Re: Power and Politics LO1924

Dr. Ivan Blanco (BLANCO@BU4090.BARRY.EDU)
Mon, 3 Jul 1995 18:05:40 -0400 (EDT)

Replying to LO1857 --

> Date: Thu, 29 Jun 1995 10:25 CST
> From: (David E. Birren, MB/5, 608.267.2442)
> Ketan says:
> >"Power" and "politics" are not inherently bad -- they are the manifestations of
> >group activity. It is when people opt out of it that they not only disempower
> >themselves but ultimately damage the organisation by not permitting EVERY
> >person from growing and contributing into the organisation.
> I'd just like to point out that hierarchies can be viewed simply as
> channels of authority and information. Authority is needed to provide
> alignment and coordination, and information is needed as a resource to
> achieve alignment and to get work done. People are not clairvoyant and
> they have different views of what and how things should be done.
> Authority and information are simply indispensable tools for performing
> complex activities.
David, this contention assumes that managers and others in
position of authority are clairvoyant! It also assumes that those at the
top have similar views (to...?) of what things should be! This was not
the case at IBM, or at GM, American Motors Corporation is not longer
around, People Express also died, etc... Many organizations, business and
otherwise, that have not survived were under the direction and guidance of
people of power and authority. Managers and other in position of
authority are people too, and, like the rest of the employees, they too
have different views and interests (personal gains type of interests) that
would blind them. SO, even if they are clairvoyant, they also have so
many things keeping them from seeing beyond the obvious!

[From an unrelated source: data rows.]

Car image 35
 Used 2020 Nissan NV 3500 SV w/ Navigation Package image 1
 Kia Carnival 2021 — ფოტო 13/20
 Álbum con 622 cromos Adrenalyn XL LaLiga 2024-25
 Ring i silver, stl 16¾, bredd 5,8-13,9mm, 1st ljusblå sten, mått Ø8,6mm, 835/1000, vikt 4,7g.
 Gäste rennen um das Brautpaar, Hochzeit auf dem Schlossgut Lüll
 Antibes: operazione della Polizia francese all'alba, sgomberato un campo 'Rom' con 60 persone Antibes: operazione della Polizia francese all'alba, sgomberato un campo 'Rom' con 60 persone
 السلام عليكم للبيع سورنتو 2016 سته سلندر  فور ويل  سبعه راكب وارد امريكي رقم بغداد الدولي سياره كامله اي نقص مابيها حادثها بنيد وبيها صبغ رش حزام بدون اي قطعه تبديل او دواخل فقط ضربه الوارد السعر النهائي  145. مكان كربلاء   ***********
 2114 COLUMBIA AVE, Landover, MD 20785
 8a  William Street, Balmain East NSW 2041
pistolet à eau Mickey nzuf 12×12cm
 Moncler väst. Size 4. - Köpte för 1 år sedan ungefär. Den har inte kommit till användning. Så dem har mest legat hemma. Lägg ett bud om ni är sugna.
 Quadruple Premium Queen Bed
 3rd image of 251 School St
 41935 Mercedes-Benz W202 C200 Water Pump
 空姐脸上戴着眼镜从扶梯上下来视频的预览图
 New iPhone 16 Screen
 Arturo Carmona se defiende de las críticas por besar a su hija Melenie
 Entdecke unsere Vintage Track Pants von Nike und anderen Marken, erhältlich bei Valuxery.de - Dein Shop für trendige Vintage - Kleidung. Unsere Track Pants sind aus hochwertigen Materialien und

> The challenge is to get beyond power as the underlying paradigm or model
> and see it as a background condition. If we can focus on horizontal
> relationships (e.g. teams) and USE the vertical hierarchy as a means of
> supporting the horizontal organization, then perhaps we can make some
> progress toward collaborative organizations.
I believe that the most competitive enterprises today are formed
by individuals, at all levels, who understand that delighting the customer
is the most crucial event in the organization. They also understand that
if those who delight the customer are not delighted themselves and
supported in their actions and tasks, then there would not be a whole lot
of room for the organziation to compete. Understanding the inverted
pyramid proposed by different authors is crucial in today's business

> I'm reminded of a teacher I had in high school who characterized himself
> as "first among equals". He had plenty of "authority" but he chose not to
> use it, except when absolutely necessary (which was surprisingly rare,
> given that his co-equals were 17-year old boys). His job was to convey,
> interpret and build "information". He didn't teach (manage) us; he helped
> us learn (facilitated our roles). A good model for managers.

Inspired by my frustrations with the lecturing approach and by an
absent minded and crazy professor at Central Connecticut State Univ.,
David Fearon, we started to explore and try new ways. Since then, I have
not given a lecture anymore, or used exams, etc. in any of my classes.
THe learning partners (some other people call them students), are not
taught, they learn and sometimes I have something to do with that!